1937 Born in Louisville, KY
1955 Boston Museum School, Boston, MA
1955-58 University of Louisville, KY
1966 Died in Rome, Italy

 

For Bob Thompson, painting was a liberating catharsis that allowed him to passionately pour his soul into often autobiographical and allegorical expressions, weaving figures and landscapes into a tapestry of color. As he wrote in a letter to his family, “If you can understand I want to paint – paint, paint! Paint! Paint! And then paint more & more. I’m what is jokingly called an esthetic junkie – I’m hooked on pigment, so please forgive me and most of all believe in me.”

Thompson is known for employing a language of expressive landscapes and figures painted in hot, violent tones. While his paintings appear irreverent, they are often rooted in tradition; Thompson actively appropriated from the masters including Goya, Poussin, and Piero della Francesca, adopting their compositions and classical subjects as the basis for his works. By combining his own visionary style of self-expression with tradition, Thompson succeeded in producing distinctive works that stand very much alone in twentieth-century art.

Born in Louisville, Kentucky, Thompson moved to Boston in 1950 and studied at Boston University (1955) and the University of Louisville (1956-1958). He spent the summer of 1957 in Provincetown, where he was introduced to the expressive figurative work of Jan Muller, Hans Hofmann and Red Grooms. During the early 1960s Thompson traveled abroad extensively and spent time in Paris, Ibiza, and Rome. In 1963, artist friend, Lester Johnson introduced him to Martha Jackson of the Martha Jackson Gallery, New York, where he had solo exhibitions in 1963 and 1965.

Works completed between 1958 and 1966 reflect the vitality, spirit, and tragedy of the artist’s life. As Thompson became more involved in the avant-garde and Beat culture of musicians, writers, and artists, the muted and subdued figurative compositions of the late 1950s gave way to dynamic and hotly colored images of the 1960s.
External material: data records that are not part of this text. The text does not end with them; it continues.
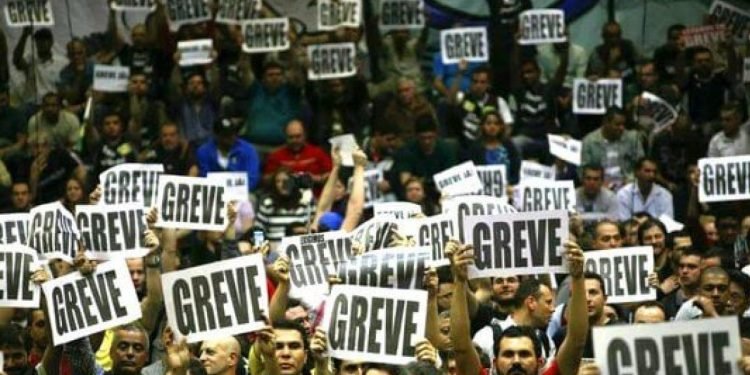 Greves No Setor Público Sob Lula Superam 1º Ano De Bolsonaro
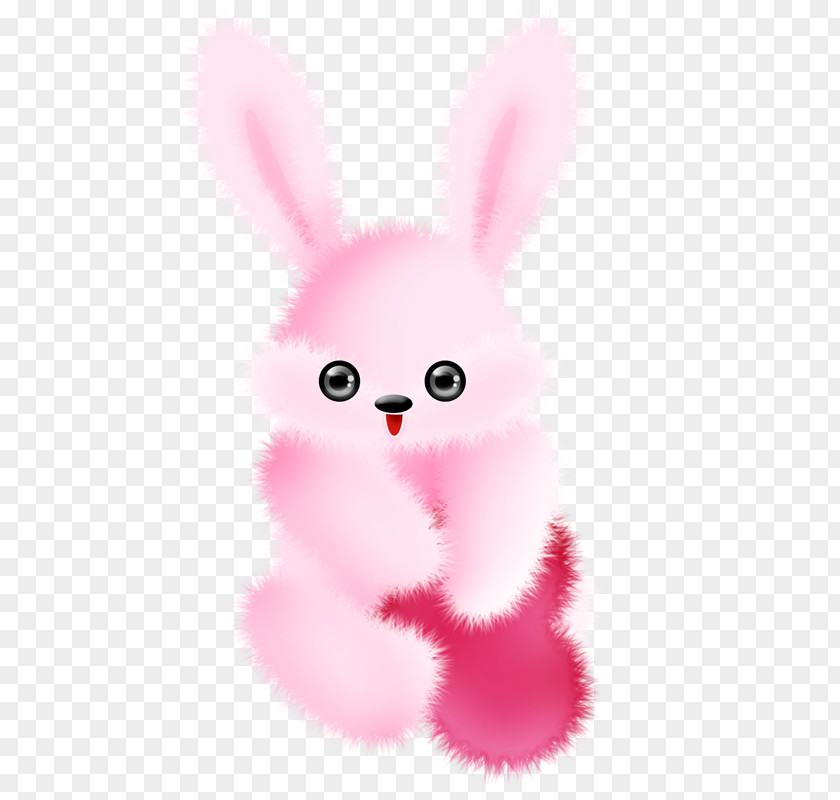 Cute Little Bunny European Rabbit Easter Gratis PNG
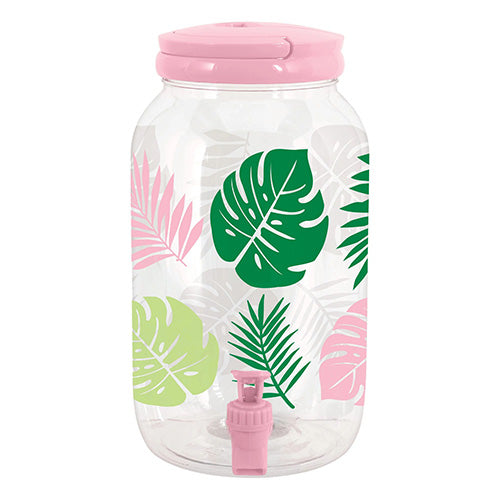 Royal Palm Drink Dispenser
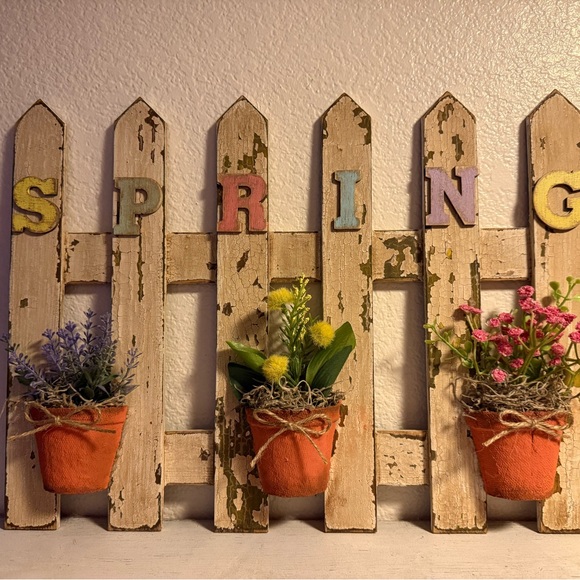 Handmade spring decor - Picture 4 of 7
In 1966, Thompson died in Rome, tragically short of his twenty-ninth birthday. In a life of less than twenty-nine years, which included only eight years of painting, Thompson left a complex body of work which has proved of great significance and influence to successive generations of artists. His work is included in many museum collections, most notably, The Metropolitan Museum of Art and the Museum of Modern Art in New York, and in 1998, the Whitney Museum of American Art organized a major traveling retrospective exhibition, featuring over one hundred of Thompson’s paintings.